Das Bauchweh habe sich in den Sommerferien etwas verbessert, aber durch die Einschulung sei es wieder richtig schlimm geworden. Der Schuleintritt erwies sich tatsächlich als ziemlich schwierig, Jasmin weinte, teilweise stundenlang, die Mutter habe längere Zeit – gegen den Widerstand von Lehrerin und Rektorin, die beide von Erkenntnissen der Bindungsforschung ziemlich unbeleckt schienen – mit im Klassenraum bleiben müssen, da Jasmin sich sonst nicht habe beruhigen können. Daher wurde ein weiterer Termin vereinbart.

Für die zweite Sitzung schien Im Vorfeld wichtig, dass der kleine Elefant gut gefrühstückt hatte, denn er war ja derjenige, der die Arbeit zu machen hatte. Außerdem habe Jasmin die große Schultüte schon am Abend vorher hergerichtet und die Mutter mehrfach daran erinnert, dass sie diese mitnehmen müsse. Als sie aus der Schule abgeholt wurde, schien sie sehr aufgeregt. In der Praxis angekommen, ließ ich mir als erstes die tolle Schultüte zeigen, Jasmin schien sehr stolz und vielleicht sogar schon ein bißchen „aufgetaut“. Dann begann sie auf Nachfrage von Kopfweh und Bauchweh zu erzählen. In Absprache mit der Mutter erklärte ich ihr, dass wir überlegt hätten, mal zu schauen, was es noch an Schwierigem aus den ersten Lebensjahren geben könnte und ob wir Punkte finden könnten, die auch mit dem Kopfweh und dem Bauchweh zusammenhängen könnten.
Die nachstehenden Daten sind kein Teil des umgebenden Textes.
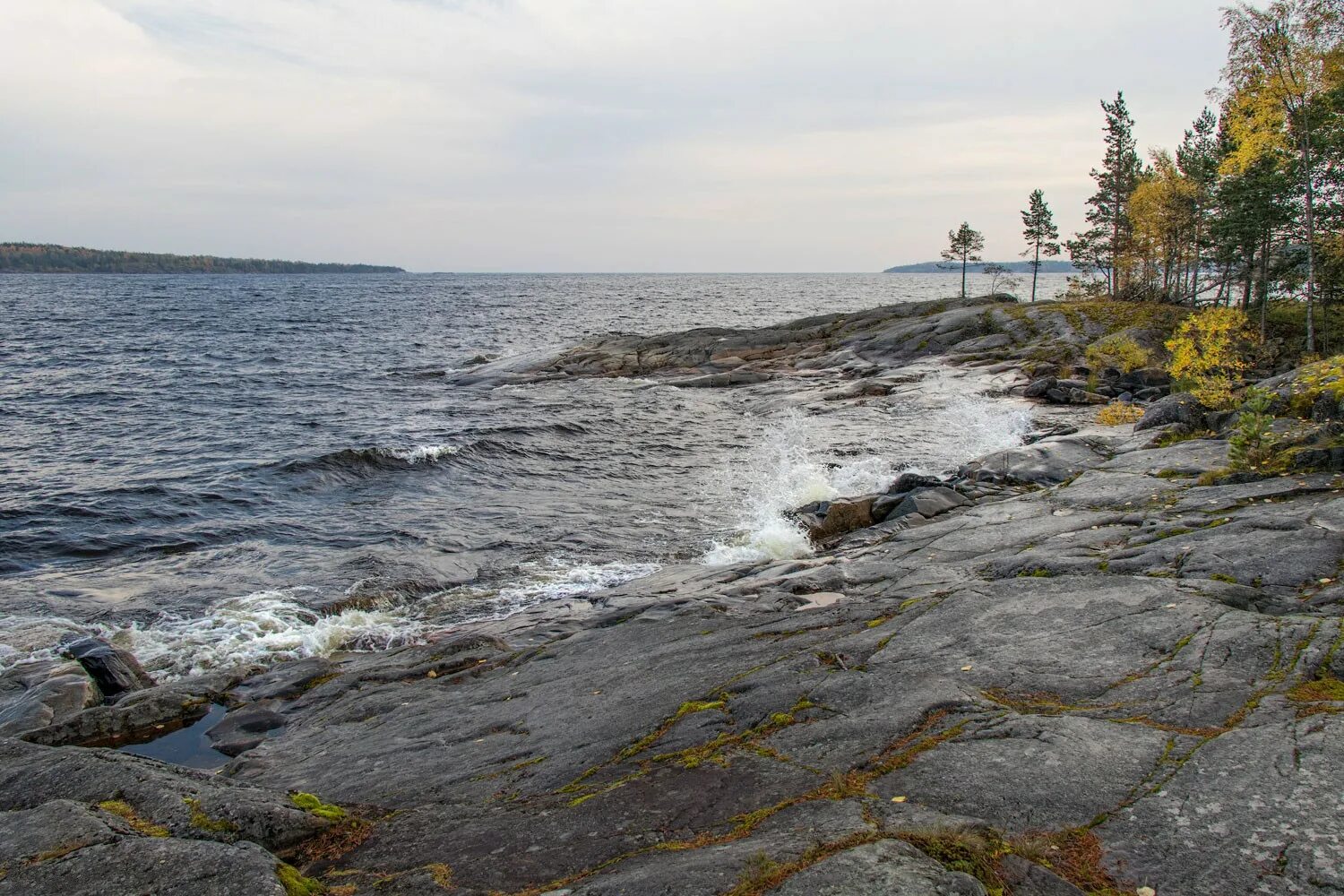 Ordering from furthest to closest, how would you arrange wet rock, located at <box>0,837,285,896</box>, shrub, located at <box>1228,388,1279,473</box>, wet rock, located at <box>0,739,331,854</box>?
1. shrub, located at <box>1228,388,1279,473</box>
2. wet rock, located at <box>0,739,331,854</box>
3. wet rock, located at <box>0,837,285,896</box>

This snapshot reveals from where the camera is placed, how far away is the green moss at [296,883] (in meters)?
4.85

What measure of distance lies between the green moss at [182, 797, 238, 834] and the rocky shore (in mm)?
35

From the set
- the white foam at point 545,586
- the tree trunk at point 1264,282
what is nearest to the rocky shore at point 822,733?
the white foam at point 545,586

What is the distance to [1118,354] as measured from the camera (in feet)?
120

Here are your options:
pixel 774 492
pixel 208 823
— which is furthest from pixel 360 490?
pixel 208 823

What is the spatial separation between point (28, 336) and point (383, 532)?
73000mm

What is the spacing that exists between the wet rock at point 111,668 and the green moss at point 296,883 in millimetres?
9255

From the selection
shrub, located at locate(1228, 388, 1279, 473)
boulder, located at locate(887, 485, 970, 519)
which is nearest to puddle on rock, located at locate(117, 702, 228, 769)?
boulder, located at locate(887, 485, 970, 519)

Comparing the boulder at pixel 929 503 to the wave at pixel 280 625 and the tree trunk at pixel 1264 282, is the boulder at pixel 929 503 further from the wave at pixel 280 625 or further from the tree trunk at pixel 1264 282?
the tree trunk at pixel 1264 282

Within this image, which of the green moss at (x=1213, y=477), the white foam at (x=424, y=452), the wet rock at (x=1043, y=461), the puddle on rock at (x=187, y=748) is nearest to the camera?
the puddle on rock at (x=187, y=748)

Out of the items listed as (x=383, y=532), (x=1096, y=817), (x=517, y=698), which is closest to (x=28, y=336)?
(x=383, y=532)

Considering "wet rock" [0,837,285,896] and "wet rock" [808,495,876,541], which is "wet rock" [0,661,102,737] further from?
"wet rock" [808,495,876,541]

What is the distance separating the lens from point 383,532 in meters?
20.1

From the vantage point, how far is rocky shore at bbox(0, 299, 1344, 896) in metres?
4.74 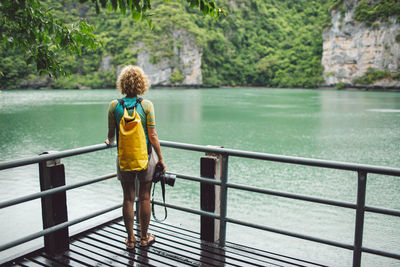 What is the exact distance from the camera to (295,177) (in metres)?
11.8

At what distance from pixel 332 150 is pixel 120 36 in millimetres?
93522

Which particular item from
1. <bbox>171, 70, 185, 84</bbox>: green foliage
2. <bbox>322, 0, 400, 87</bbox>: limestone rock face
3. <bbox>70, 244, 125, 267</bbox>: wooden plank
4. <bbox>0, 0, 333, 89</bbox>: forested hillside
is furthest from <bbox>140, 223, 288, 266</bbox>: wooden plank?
<bbox>171, 70, 185, 84</bbox>: green foliage

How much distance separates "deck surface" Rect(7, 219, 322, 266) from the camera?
8.84 feet

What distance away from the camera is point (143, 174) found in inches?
107

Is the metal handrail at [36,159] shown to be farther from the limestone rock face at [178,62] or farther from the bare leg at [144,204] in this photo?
the limestone rock face at [178,62]

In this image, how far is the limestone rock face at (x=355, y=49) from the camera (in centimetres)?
7138

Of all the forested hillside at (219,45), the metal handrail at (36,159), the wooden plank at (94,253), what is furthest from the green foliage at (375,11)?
the wooden plank at (94,253)

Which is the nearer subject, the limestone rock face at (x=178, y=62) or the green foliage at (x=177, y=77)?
the green foliage at (x=177, y=77)

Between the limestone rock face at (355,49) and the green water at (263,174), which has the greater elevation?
the limestone rock face at (355,49)

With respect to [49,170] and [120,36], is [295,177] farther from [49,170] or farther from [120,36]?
[120,36]

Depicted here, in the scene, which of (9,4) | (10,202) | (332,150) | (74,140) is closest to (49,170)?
(10,202)

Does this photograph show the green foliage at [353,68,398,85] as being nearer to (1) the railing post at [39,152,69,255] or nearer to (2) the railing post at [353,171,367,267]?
(2) the railing post at [353,171,367,267]

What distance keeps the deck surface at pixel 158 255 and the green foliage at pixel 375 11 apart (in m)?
81.2

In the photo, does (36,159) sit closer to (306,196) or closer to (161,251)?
(161,251) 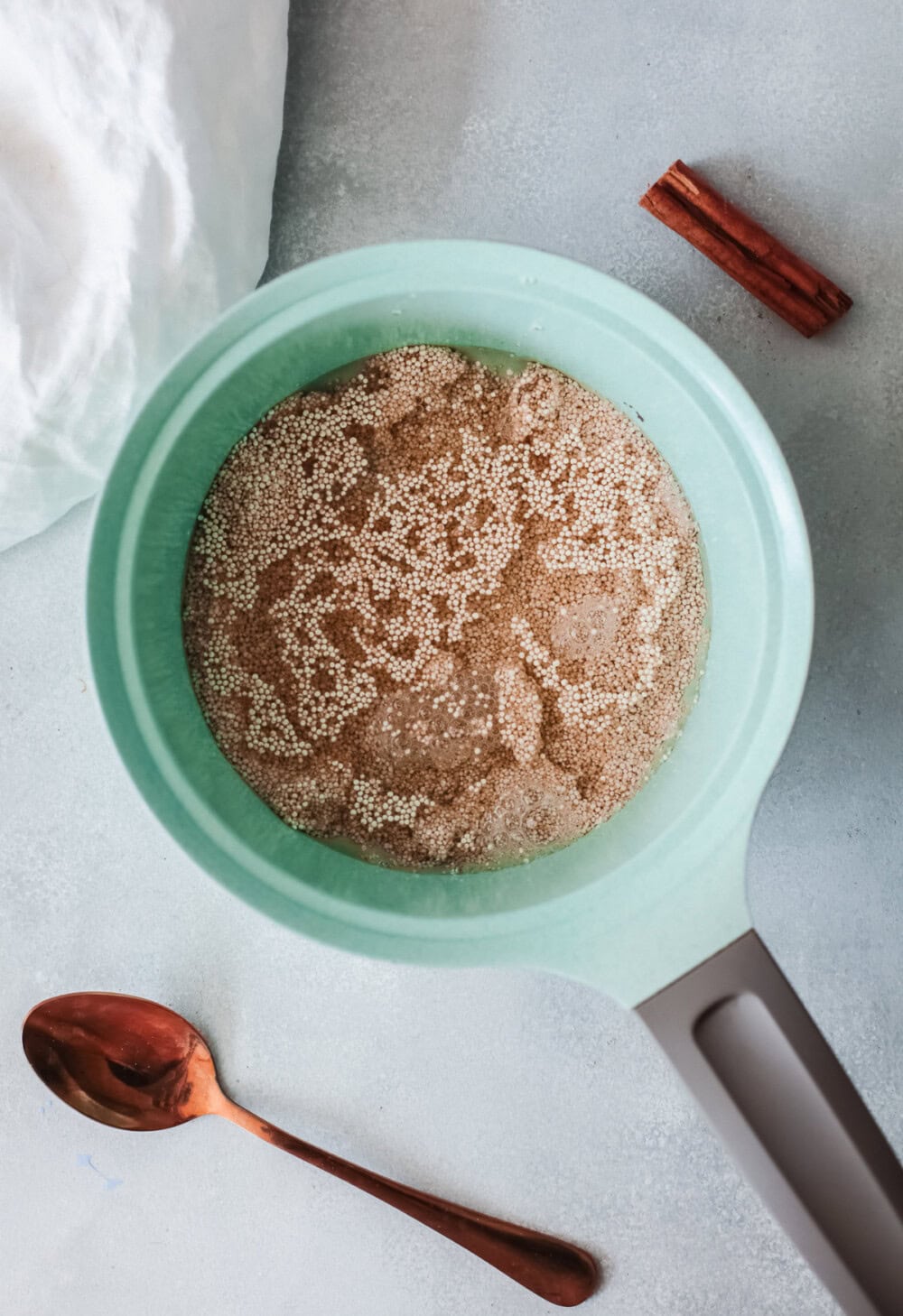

Hierzu sollte die Mutter Erfahrungen aus der Lebensgeschichte ihrer Tochter berichten und ich würde Jasmin fragen, ob sie davon noch etwas spüre.

Als Einstieg fragte ich die Mutter, wann sie gemerkt habe, dass sie noch ein Baby bekomme – sie beschrieb den Zeitraum ungefähr um den vierten Geburtstag der älteren Tochter. Ich fragte Jasmin eher neutral: „Wie ging es dem Baby da“? Sie antwortete sofort: „Gut“. Die Mutter berichtete, daß sie zwischen der 10. und 22. SSW auf Grund von wiederholten Blutungen habe liegen müssen und Angst gehabt hätte, das Baby zu verlieren. Ich fragte Jasmin wieder eher neutral: „Wie ging es dem Baby da“? Sie antwortete zum Erstaunen der Mutter wieder spontan: „Gut“. Die Mutter berichtete weiter, daß sich die Schwangerschaft stabilisiert habe. Kurz vor dem Geburtstermin sei aber alles sehr plötzlich und schnell gegangen – nahezu unmittelbar seien Wehen im Abstand von unter 3 Minuten aufgetreten. Ich fragte wieder eher neutral: „Wie gings da dem Baby“? Jasmin antwortete sofort: „Schlecht!“ Ich fragte sie, wo sie hierzu etwas in ihrem Körper spüren würde? Sie klagte über Bauchweh. Wir suchten anfangs den höchsten Belastungspunkt hierzu, wechselten aber schnell dorthin „wo es sich besser anfühlt“, also eine Art von Ressourcenspot. Jedenfalls war auch hier der Elefant im Einsatz und ich erinnerte Jasmin immer wieder daran, zum Blickpunkt zu schauen, denn der Elefant würde helfen, dass das Bauchweh besser wird – was erstaunlich schnell ging.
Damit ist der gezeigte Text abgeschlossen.